La charité est patiente, la charité est douce, la charité n'est pas envieuse, la charité n'use pas d'insolence, elle ne s'enfle pas d'orgueil,  elle ne fait rien de malhonnête, elle ne cherche pas son intérêt, elle ne s'irrite pas, elle n'impute pas le mal,  elle ne se réjouit pas de l'injustice, mais elle se réjouit de la vérité.  Elle couvre tout, elle croit tout, elle espère tout, elle supporte tout. La charité ne périt jamais. 

« L’espoir fait vivre » ou « tant qu’il y a de la vie, il y’a de l’espoir » disent ces dictons populaires. Cet espoir se définit comme étant, une lumière au fond d’un tunnel plus visible et plus  proche grâce à l’aide, au soutien et à la confiance d’une personne généreuse.

Histoire de la R.D.C



La République Démocratique du Congo (R.D.C.) est un grand Pays très envié à cause de ses immenses ressources naturelles. On se conviendra que tout au long de son histoire, ce pays a connu plusieurs guerres d’agression et de luttes fratricides. Et tout cela sous une situation économique malmenée à souhait part de gens nantis sur base d’une corruption éhontée.

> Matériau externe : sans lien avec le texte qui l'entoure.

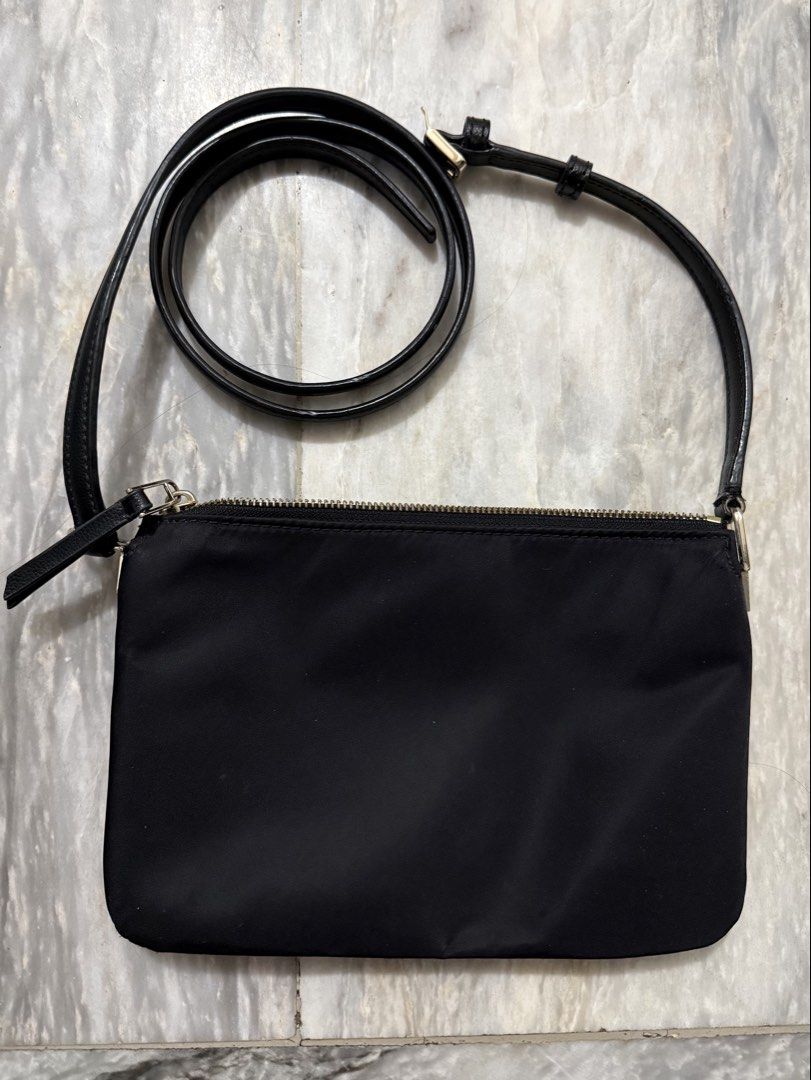 Kate Spade Black Crossbody Bag (Category: Cross-body Bags) located in San Mateo. Submitted by aifoslvdr (Listing ID 1460643274, Image 3). Description: Black Kate Spade crossbody bag - Zip closure for security - Long strap for shoulder or crossbody wear - Made with durable nylon - Multiple compartments for organization - Authentic Kate Spade logo detail.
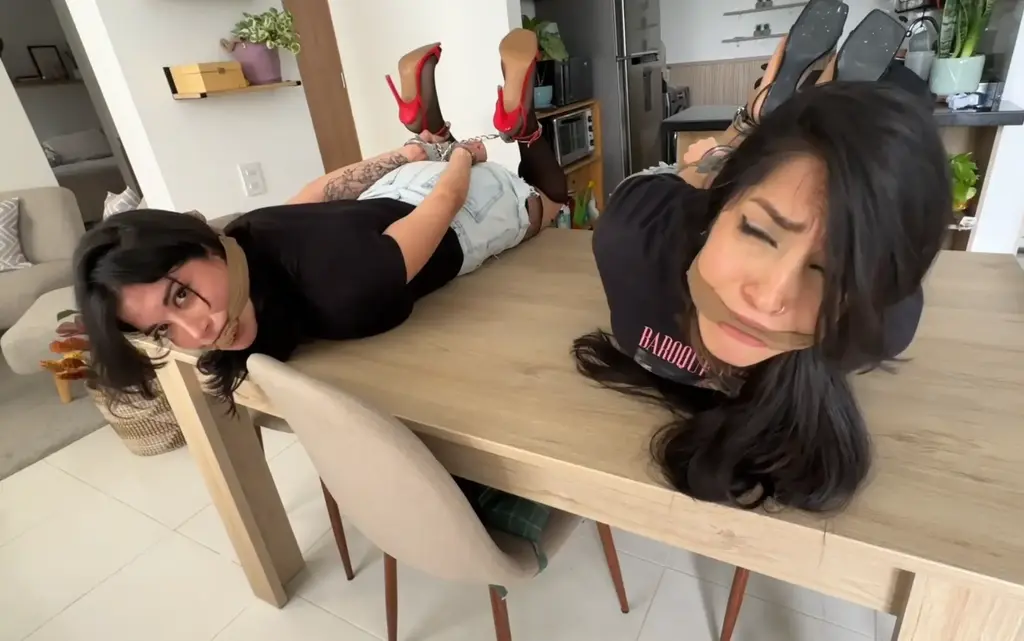 You Caught 2 Pantyhosed Thieves 片名：You Caught 2 Pantyhosed Thieves (Ripped Nylons, Jean Shorts, High Heels, RolePlay, Handcuffs, HogCuffed, Pantyhose Stuffing & CleaveGag)<br>From：KinkyLifestyle<br>（高清丝袜堵嘴新片更新，双人女女丝袜堵嘴片。虽然时间不长但干货满满，风格清新，两个丝袜美女（肉色丝袜和黑色中筒袜），两人被驷马捆绑挣扎，丝袜堵嘴 丝袜勒嘴。透过凉鞋可以看到两人丝袜脚。）<br>You Caught 2 Pantyhosed Thieves<br>(Ripped Nylons, Jean Shorts, High Heels, RolePlay, Handcuffs, HogCuffed, Pantyhose Stuffing & CleaveGag)<br>Simona & Mara are two masked thieves who managed to break into your home. They think they're safe so they take off their masks and start looking for goods to take. Simona finds a picture of you and thinks you're so handsome she wants to keep you. Mara starts asking what is Simona up to but she won't tell.<br>You get home so they hide, you notice the bag and go into the bathroom to make them think you left. They go out and Simona tells Mara to leave but she doesn't want to so they start fighting and you go out to get the<br>Next we see is both girl hogcuffed so you stuff some pantyhose into their mouths to let them struggle for a while to then put a pantyhose cleavage on them to struggle until the end so they learn they lesson.<br>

En 1885, le territoire fut conquis et nommé Etat Indépendant du Congo, possession personnelle du Roi Léopold  II  de la Belgique, et ce jusqu’au 15 novembre 1908. La terre fut pillée de ses ressources naturelles. Le peuple fut abusé et maltraité par ceux qui tentaient à contrôler les régions riches en minéraux. On estime que la population de la R.D.Congo a été réduite de moitié au cours des premières années de colonisation pour cause de maladies et de mauvais traitements.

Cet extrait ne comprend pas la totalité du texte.